In January of 1989, he had a major heart attack. He hung on for a week and seemed to be recovering. My brother and I left to go back to my home on the coast. We had barely gotten there when my mom showed up at the door and told me he had died. I was devastated. I held it together though, we had to get back to where he lived, I was supposed to execute his will. There was work to do. I cried at night, when everyone else was sleeping, and managed to hold it together during the day. That is until I talked to his psychiatrist. She told me that he always talked about me, and how proud he was of me. At that point in my life, I hadn't done a damn thing for him to be proud of.
I now have my first college degree, first one in my family to obtain one, and am working on my second. In psychology. Yes, it's partly because of my dad. I can't help but think how proud he would be of me now.
So Winter has a special place in my heart. It makes me cry, and it makes me remember the good times, working with my dad in his shop when I was a kid, him teaching me to drive...

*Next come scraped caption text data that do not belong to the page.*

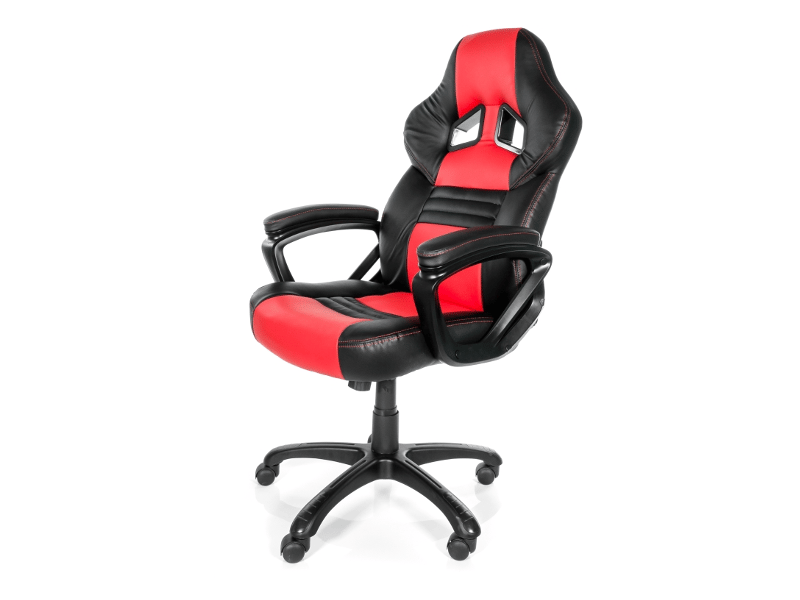 Arozzi Monza - Stol - armstöd - ringformad - svängtapp - polyuretanläder - röd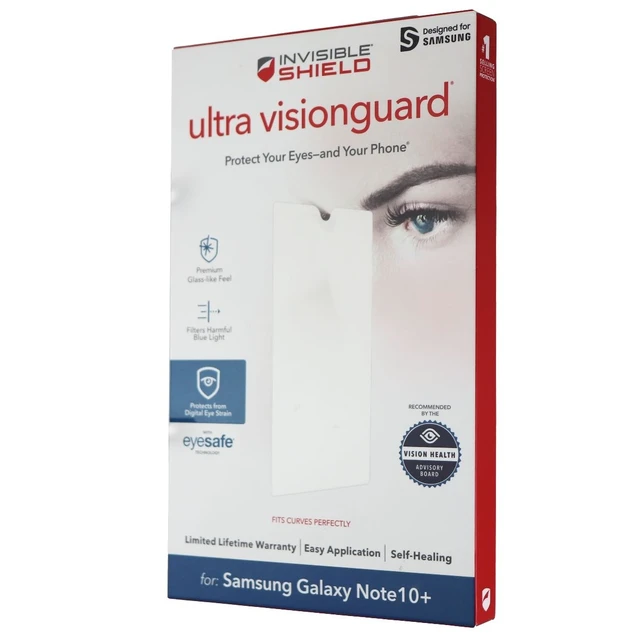 Alt view image 3 of 4 - ZAGG InvisibleShield Ultra VisionGuard - Protect Your Eyes and Your Phone - Made for Samsung Note 10+ - Case Friendly Screen Protection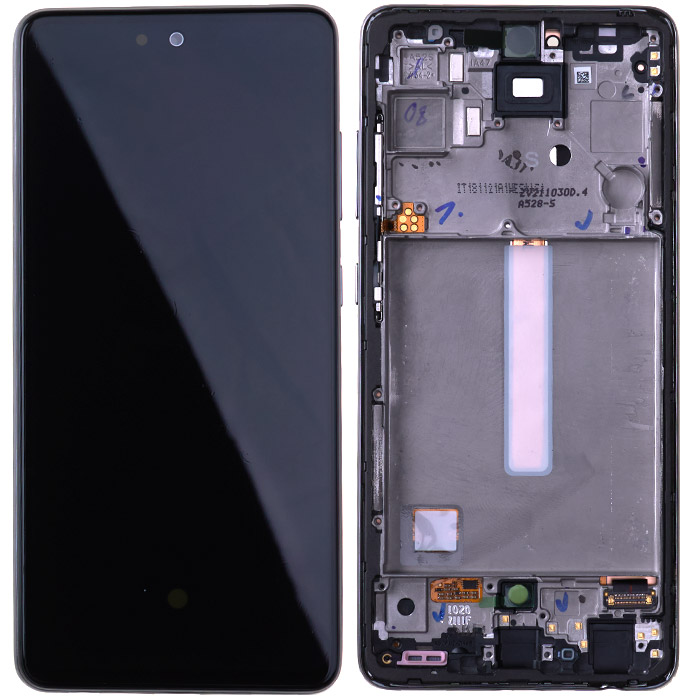 Дисплей для Samsung Galaxy A52/A52 5G A525/A526/A528, с рамкой, оригинал (Service Pack) (Black)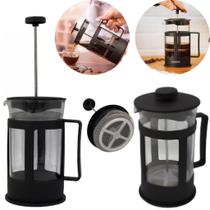 Prensa Francesa Vidro 350ml 600ml Café Filtro Inoxidável Estrutura Cromada Preta e Inox Sofisticado Prensa Francesa Vidro 350ml 600ml Café Filtro Inoxidável Estrutura Cromada Preta e Inox Sofisticado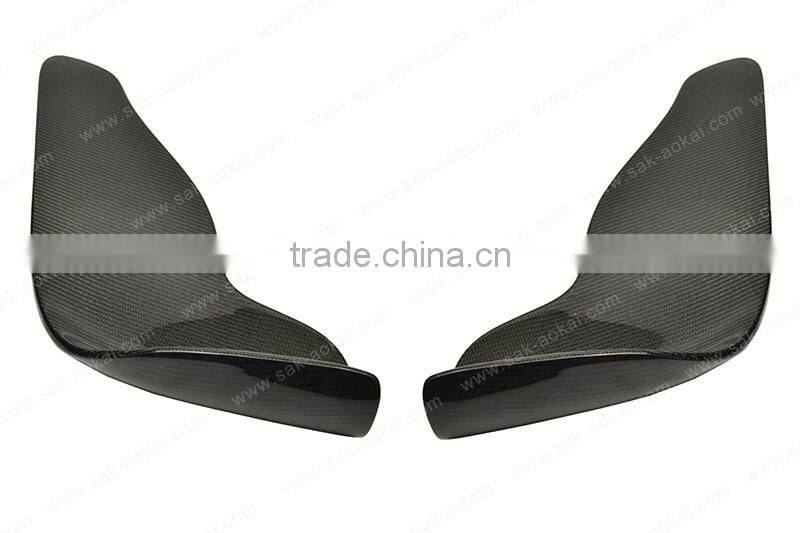 Universal Carbon Fiber Front Bumper Add-on Spoiler Wing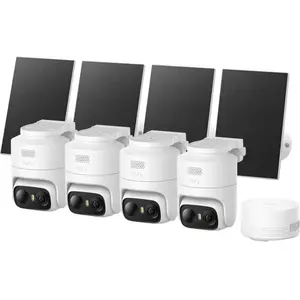 EufyCam C37 4K Lot de 4 + HomeBase Mini E814X32V pas cher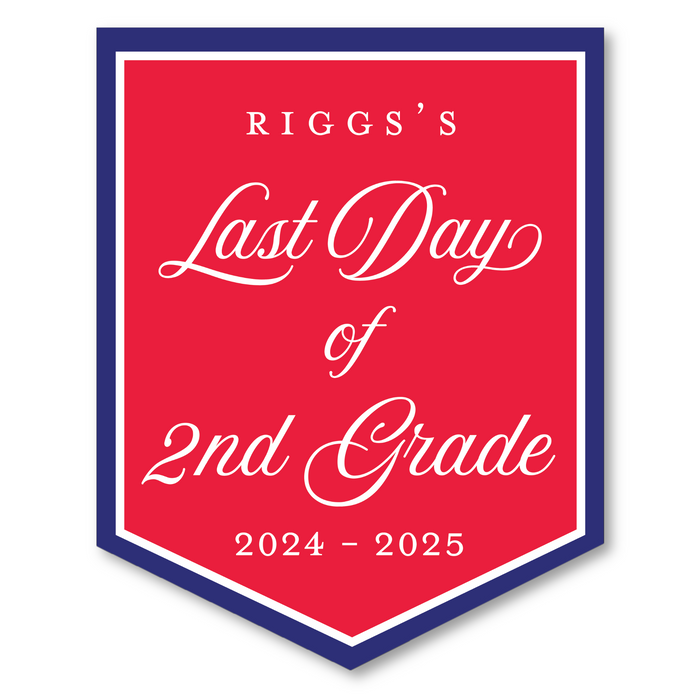 Back To School Sign - Red, White & Blue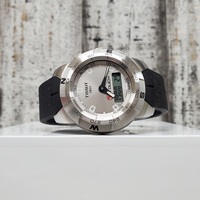 Tissot T-Touch Z253/353 Stainless Steel w/ Balck Rubber Strap Watch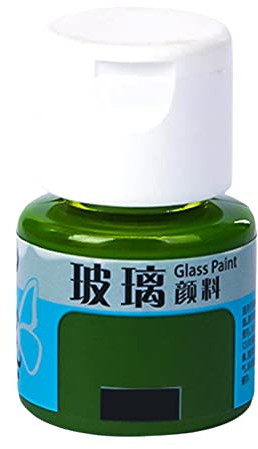 Worparsen Glasfarbe Tragbare Anfänger Künstler Glas Handwerk Oberflächenbeschichtung Dekorative Glänzend Grün
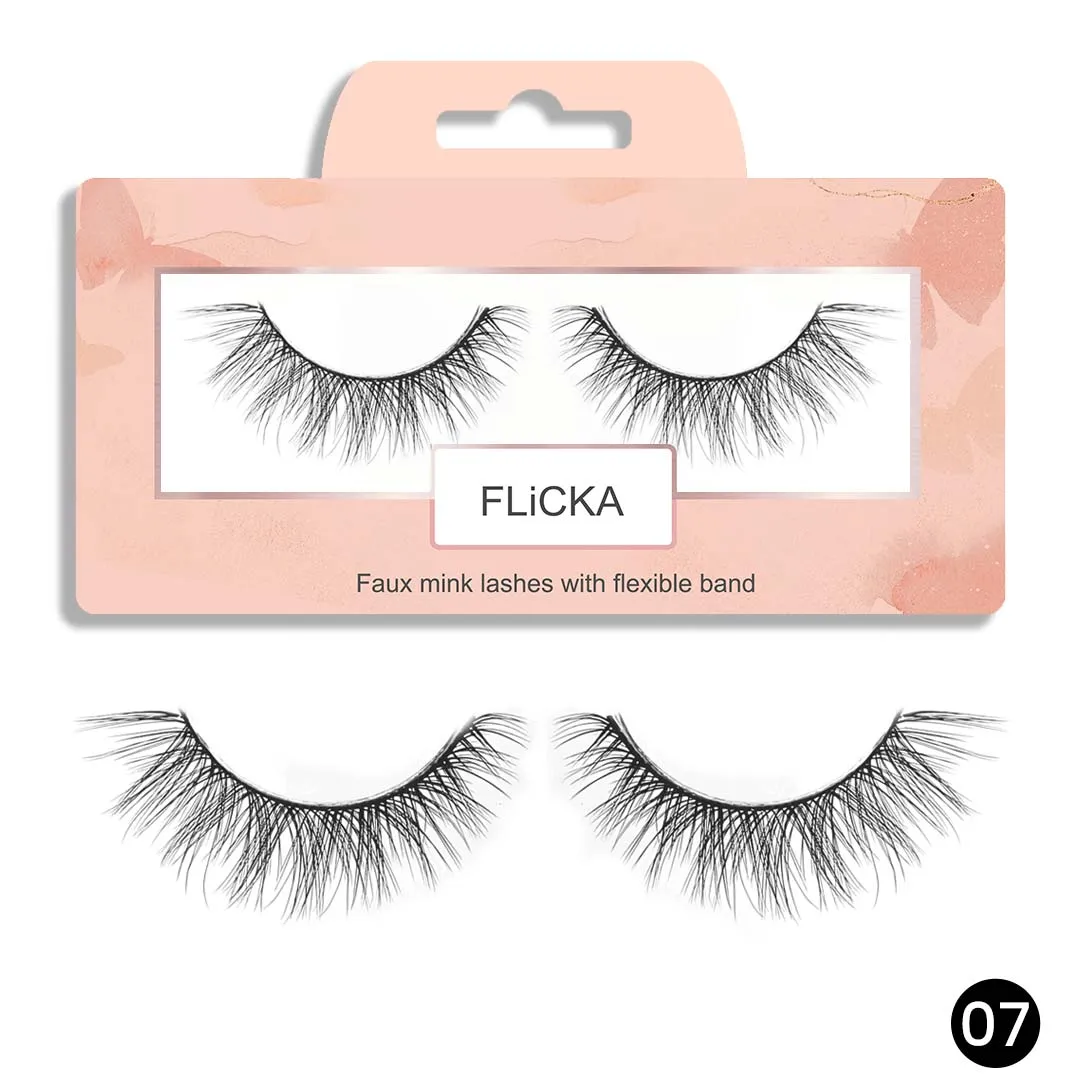Flicka Mink Lash Style 7 Flicka Mink Lash Style 7-Pack Size-Style 7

It also perfectly describes my life, "years go by and I'm here still waiting, withering where some snowman was", and "hair is grey and the fires are burning, so many dreams on the shelf. You say I wanted you to be proud of me, I always wanted that myself". But mostly it reminds me of dad. On the ten year anniversary of his passing, I listened to it and I cried and cried. My mom thought I was nuts. On the twenty year anniversary, I couldn't listen. Now, it's hard to believe, it's coming up on the thirtieth anniversary. Yes, I'm that old. I plan to listen to it and let myself cry as much as I feel the need to. There is no time limit on grieving. Never let anyone tell you there is.
So I dedicate this to my father, a wonderful man, who was just misunderstood.